[Records shown]

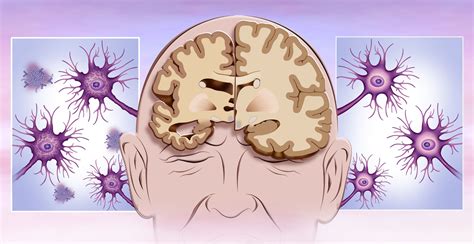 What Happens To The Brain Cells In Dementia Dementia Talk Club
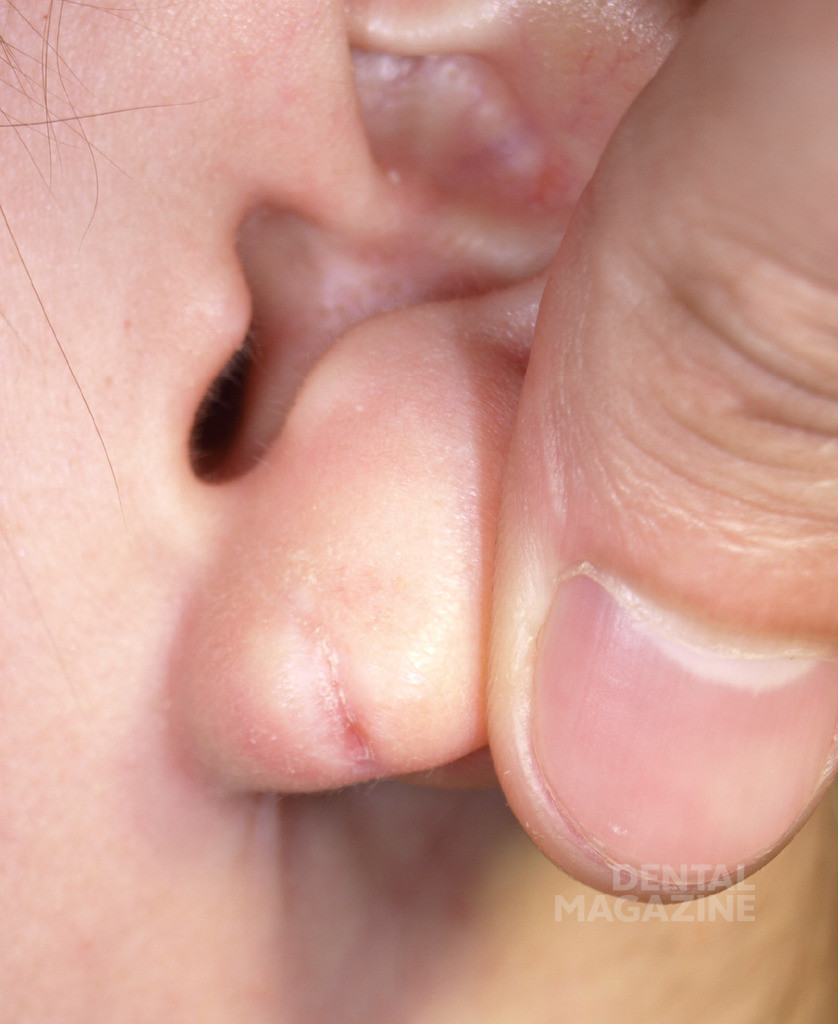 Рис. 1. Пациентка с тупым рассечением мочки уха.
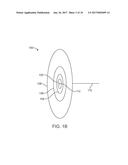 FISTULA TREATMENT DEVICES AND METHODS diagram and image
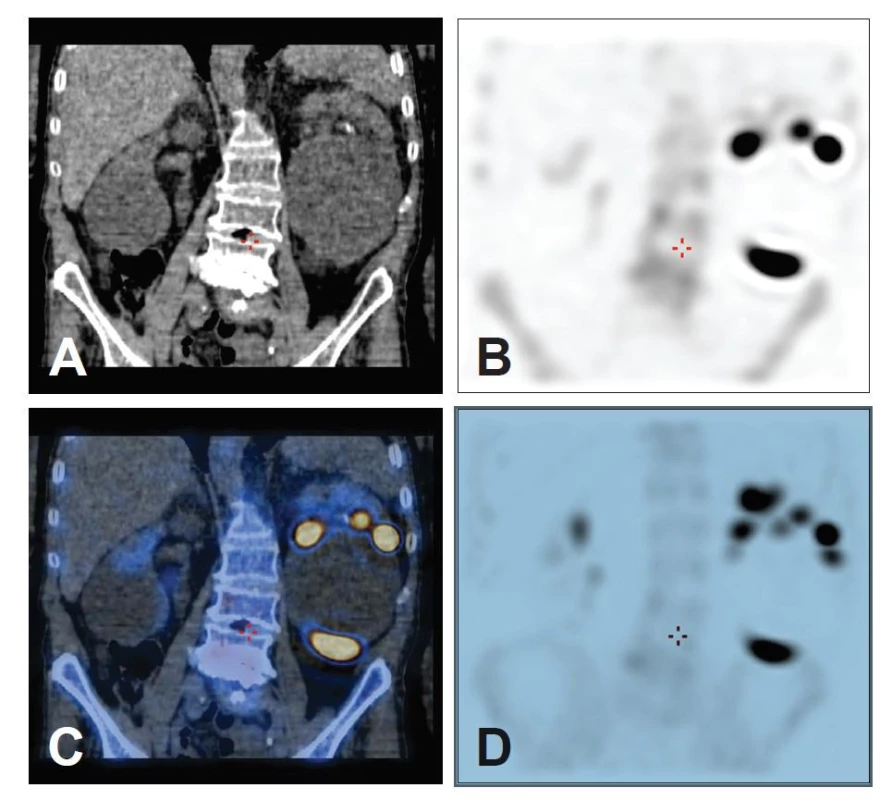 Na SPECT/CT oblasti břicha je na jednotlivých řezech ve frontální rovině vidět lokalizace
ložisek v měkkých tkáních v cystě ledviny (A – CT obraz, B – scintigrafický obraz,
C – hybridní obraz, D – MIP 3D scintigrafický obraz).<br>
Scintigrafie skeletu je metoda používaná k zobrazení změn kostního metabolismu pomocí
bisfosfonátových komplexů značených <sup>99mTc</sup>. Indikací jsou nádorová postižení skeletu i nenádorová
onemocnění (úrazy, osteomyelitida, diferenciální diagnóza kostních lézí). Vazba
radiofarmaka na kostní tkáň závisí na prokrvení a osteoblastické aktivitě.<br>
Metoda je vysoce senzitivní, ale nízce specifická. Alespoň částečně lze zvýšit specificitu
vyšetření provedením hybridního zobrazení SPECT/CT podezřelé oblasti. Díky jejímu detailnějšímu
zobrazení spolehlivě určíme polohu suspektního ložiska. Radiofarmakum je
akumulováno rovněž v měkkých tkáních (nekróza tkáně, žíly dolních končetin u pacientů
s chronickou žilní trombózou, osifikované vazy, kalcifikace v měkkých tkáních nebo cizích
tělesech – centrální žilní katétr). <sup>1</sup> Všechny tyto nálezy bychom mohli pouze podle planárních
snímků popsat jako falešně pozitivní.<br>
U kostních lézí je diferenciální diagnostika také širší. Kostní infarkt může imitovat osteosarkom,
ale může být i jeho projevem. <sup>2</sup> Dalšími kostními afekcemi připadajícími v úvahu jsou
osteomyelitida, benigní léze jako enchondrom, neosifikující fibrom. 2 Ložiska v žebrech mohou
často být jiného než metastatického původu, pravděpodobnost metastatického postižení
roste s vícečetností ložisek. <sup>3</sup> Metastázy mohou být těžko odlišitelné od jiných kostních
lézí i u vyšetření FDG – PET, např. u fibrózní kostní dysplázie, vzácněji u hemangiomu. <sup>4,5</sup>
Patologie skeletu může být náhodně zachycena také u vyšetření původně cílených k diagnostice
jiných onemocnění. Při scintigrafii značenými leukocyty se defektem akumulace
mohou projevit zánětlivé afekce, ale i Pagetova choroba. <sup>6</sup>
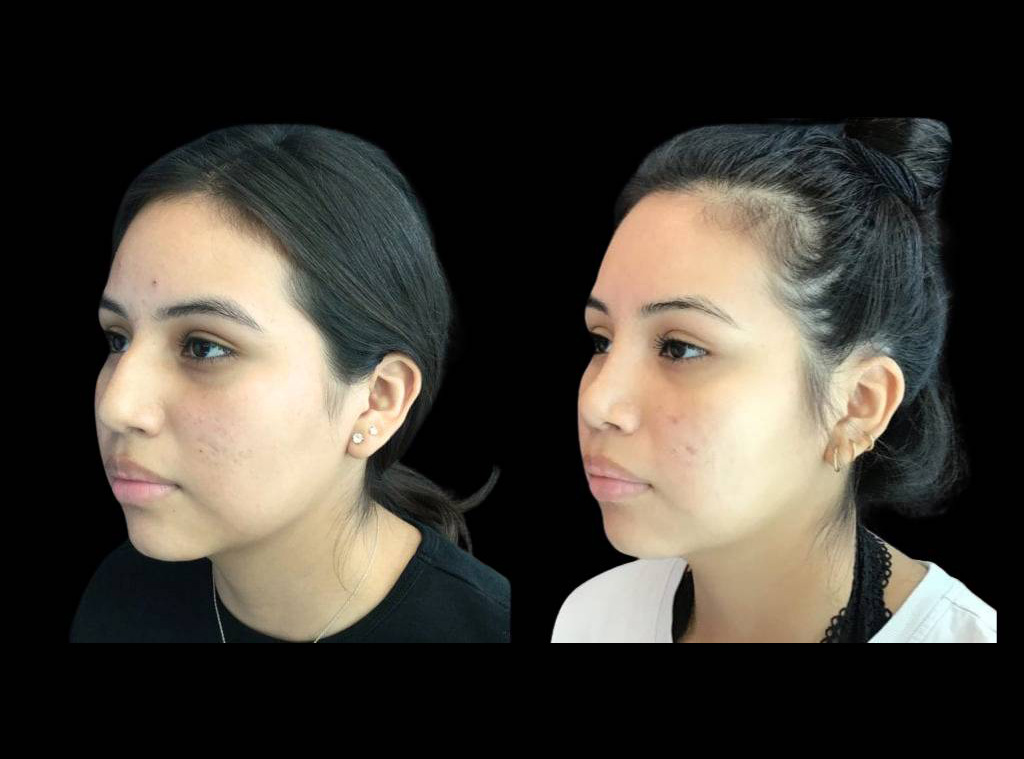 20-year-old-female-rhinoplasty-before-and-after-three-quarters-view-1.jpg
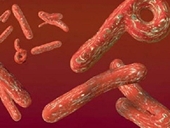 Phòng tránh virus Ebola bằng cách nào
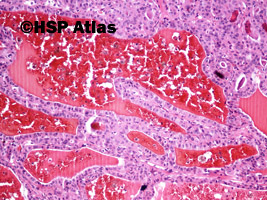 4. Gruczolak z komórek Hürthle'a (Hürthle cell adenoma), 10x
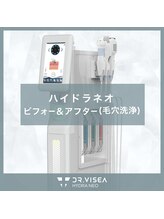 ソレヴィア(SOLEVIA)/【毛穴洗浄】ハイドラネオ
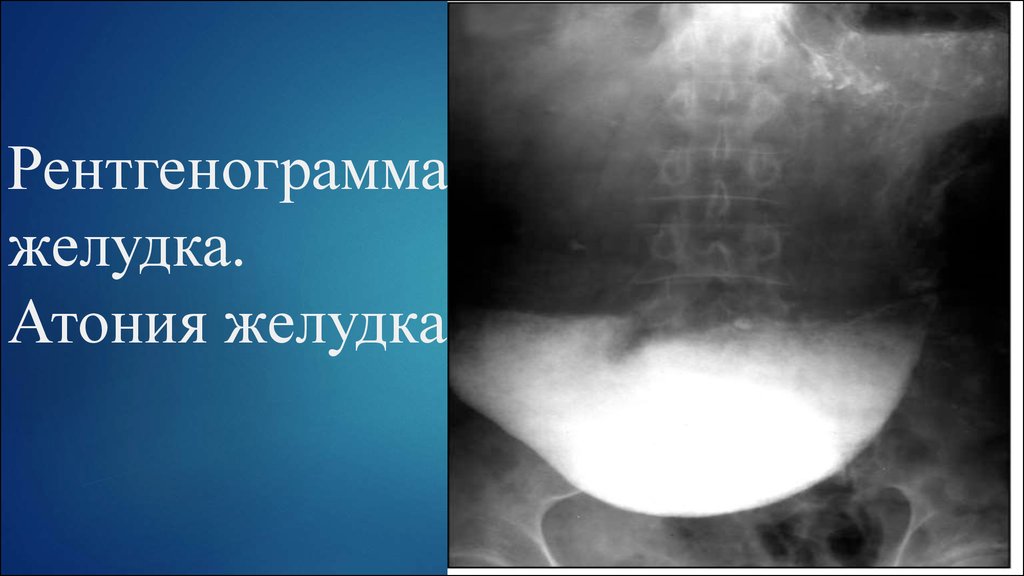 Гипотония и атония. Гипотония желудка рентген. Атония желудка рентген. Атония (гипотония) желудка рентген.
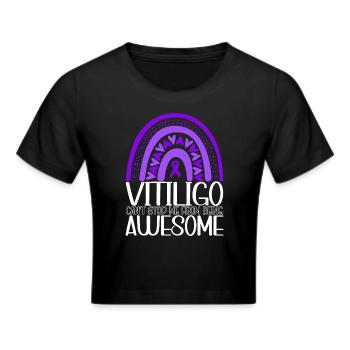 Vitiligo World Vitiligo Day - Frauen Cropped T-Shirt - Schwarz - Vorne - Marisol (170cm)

[/Records shown]

## Brief
Everything in the entries must come back exactly, except the pictures.

## Written solution
 What Happens To The Brain Cells In Dementia Dementia Talk Club
 Рис. 1. Пациентка с тупым рассечением мочки уха.
 FISTULA TREATMENT DEVICES AND METHODS diagram and image
 Na SPECT/CT oblasti břicha je na jednotlivých řezech ve frontální rovině vidět lokalizace
ložisek v měkkých tkáních v cystě ledviny (A – CT obraz, B – scintigrafický obraz,
C – hybridní obraz, D – MIP 3D scintigrafický obraz).<br>
Scintigrafie skeletu je metoda používaná k zobrazení změn kostního metabolismu pomocí
bisfosfonátových komplexů značených <sup>99mTc</sup>. Indikací jsou nádorová postižení skeletu i nenádorová
onemocnění (úrazy, osteomyelitida, diferenciální diagnóza kostních lézí). Vazba
radiofarmaka na kostní tkáň závisí na prokrvení a osteoblastické aktivitě.<br>
Metoda je vysoce senzitivní, ale nízce specifická. Alespoň částečně lze zvýšit specificitu
vyšetření provedením hybridního zobrazení SPECT/CT podezřelé oblasti. Díky jejímu detailnějšímu
zobrazení spolehlivě určíme polohu suspektního ložiska. Radiofarmakum je
akumulováno rovněž v měkkých tkáních (nekróza tkáně, žíly dolních končetin u pacientů
s chronickou žilní trombózou, osifikované vazy, kalcifikace v měkkých tkáních nebo cizích
tělesech – centrální žilní katétr). <sup>1</sup> Všechny tyto nálezy bychom mohli pouze podle planárních
snímků popsat jako falešně pozitivní.<br>
U kostních lézí je diferenciální diagnostika také širší. Kostní infarkt může imitovat osteosarkom,
ale může být i jeho projevem. <sup>2</sup> Dalšími kostními afekcemi připadajícími v úvahu jsou
osteomyelitida, benigní léze jako enchondrom, neosifikující fibrom. 2 Ložiska v žebrech mohou
často být jiného než metastatického původu, pravděpodobnost metastatického postižení
roste s vícečetností ložisek. <sup>3</sup> Metastázy mohou být těžko odlišitelné od jiných kostních
lézí i u vyšetření FDG – PET, např. u fibrózní kostní dysplázie, vzácněji u hemangiomu. <sup>4,5</sup>
Patologie skeletu může být náhodně zachycena také u vyšetření původně cílených k diagnostice
jiných onemocnění. Při scintigrafii značenými leukocyty se defektem akumulace
mohou projevit zánětlivé afekce, ale i Pagetova choroba. <sup>6</sup>
 20-year-old-female-rhinoplasty-before-and-after-three-quarters-view-1.jpg
 Phòng tránh virus Ebola bằng cách nào
 4. Gruczolak z komórek Hürthle'a (Hürthle cell adenoma), 10x
 ソレヴィア(SOLEVIA)/【毛穴洗浄】ハイドラネオ
 Гипотония и атония. Гипотония желудка рентген. Атония желудка рентген. Атония (гипотония) желудка рентген.
 Vitiligo World Vitiligo Day - Frauen Cropped T-Shirt - Schwarz - Vorne - Marisol (170cm)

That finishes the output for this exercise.